The power of stories is something that every reader recognizes. There’s just something about the tales we gather and gobble up that speaks to us, that even has a hold over us. What we read is a reflection of the deepest parts of our minds, our wishes, our desires, our fears. They can also affect our outlook so completely that it’s hard to imagine life without them. In that way our lives are being consumed by the stories that we read.

Cover of The Book of Lost Things. Available in the Library.

But that is not something to be necessarily frightened of. They can also pull us out of our troubles and give us a perspective on our lives that we were previously unable to see. They can help us understand the complicated, messy world we live in.

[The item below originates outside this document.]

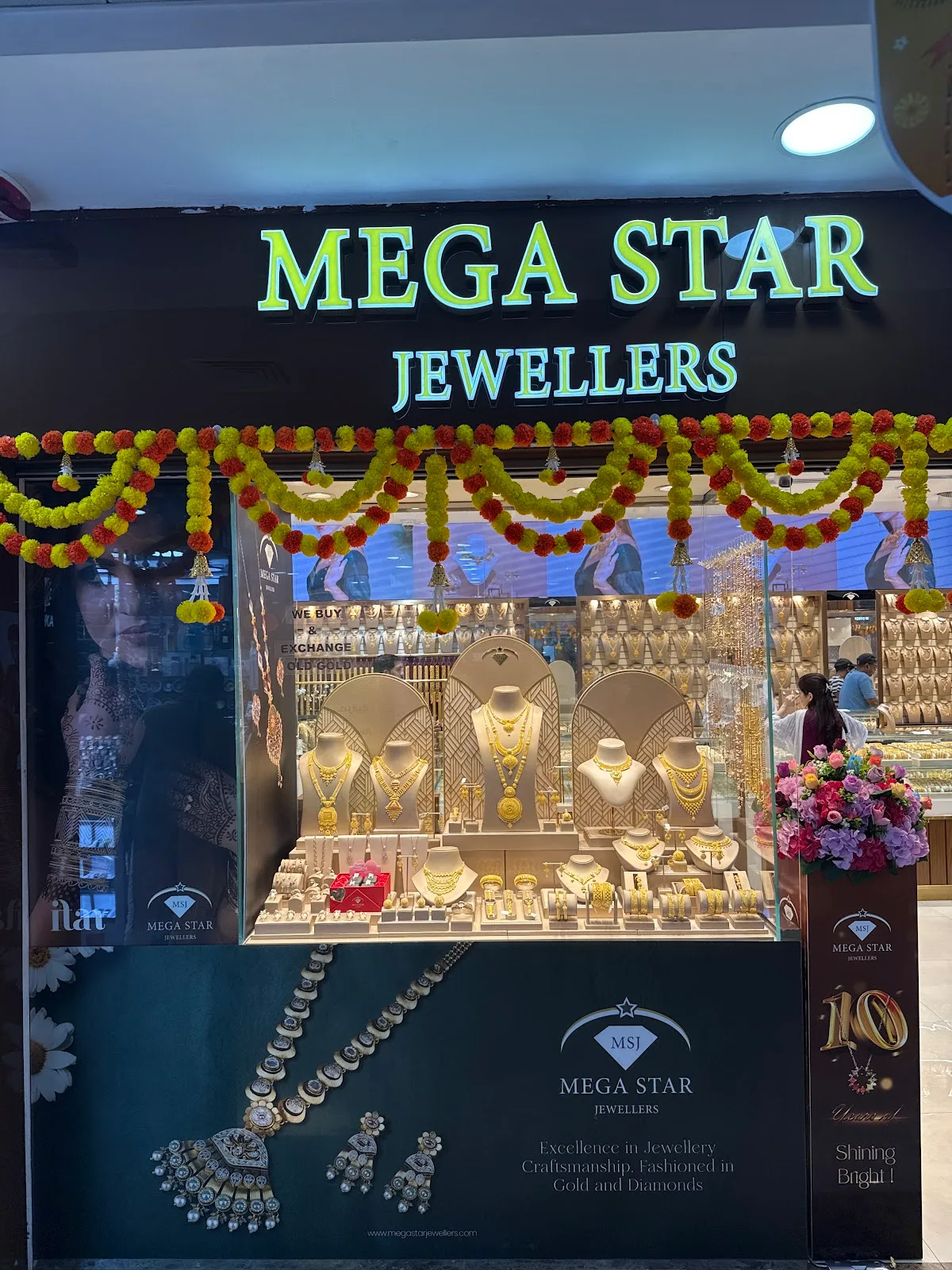Mega Star Jewellers window display with gold sets and the brand tagline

Stories are more than just words on paper; they guide us with a forceful hand towards things we can’t or won’t face.

“The Book of Lost Things” is one of those rare stories that not only has power but also addresses that power. The book is about 12-year-old David, reeling from the loss of his mother and the rapid progress in which his father moves on. Like many readers, he take refuge in stories, mainly those of classic fairy tales, but they soon begin to consume his life. As he retreats farther and farther into those stories, reality and fiction merge and David is soon stuck in a strange, dark world where all the stories he knows and loves are suddenly warped and much more dangerous. His only hope is to reach the weakened king of the land, but trouble in the shape of a Crooked Man is close on his heels.

The story is enchanting and captivating, taking many of those well-known Disney classics and turning them on their head by putting the grim back in Grimm’s Fairy Tales. And by exploring the world of those tales, Connolly is diving into the essence of stories themselves. After all, there is a reason why these tales have lasted the test of time. The common themes contained within them are still relevant and relatable, and they’re found in almost every story, old or new. These particular tales have lasted only because they’ve come to embody the necessary clichés of humanity that everyone needs to understand to live. And that is why this they are such a good fit for this novel. It’s a book about growing up and starting to find the cold, hard truths about the world. What better way to do that then through stories?

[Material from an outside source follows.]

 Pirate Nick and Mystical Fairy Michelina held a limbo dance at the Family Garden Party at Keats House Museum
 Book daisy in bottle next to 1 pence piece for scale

That being said, I find it extremely ironic that this is not meant to be for children or even teens. Connolly has said time and time again, that this book is really meant for adults. However, I believe he has created something that even he doesn’t completely understand. This novel is one of those stories that a person can read throughout their lives and each time read it anew. Age changes your perspective, and that is something that will make a difference in the way you read this book. So in that way, this novel really is meant to be read at all ages because, despite stories’ power, the outside world has an effect on them. After all, the real world is where the stories came from.

In fact, humans are endowed with an innate sense to create, share, and understand stories. And that’s what makes this book such a gem. It celebrates the power of stories and the humanity behind them, by using some of the oldest tales in Western civilization and connecting them to the plight of a lost, scared boy. But in truth this is really not a story about David. It’s a story about any reader who has lost someone, who ever felt alone and abandoned, who ever felt like stories were consuming their life.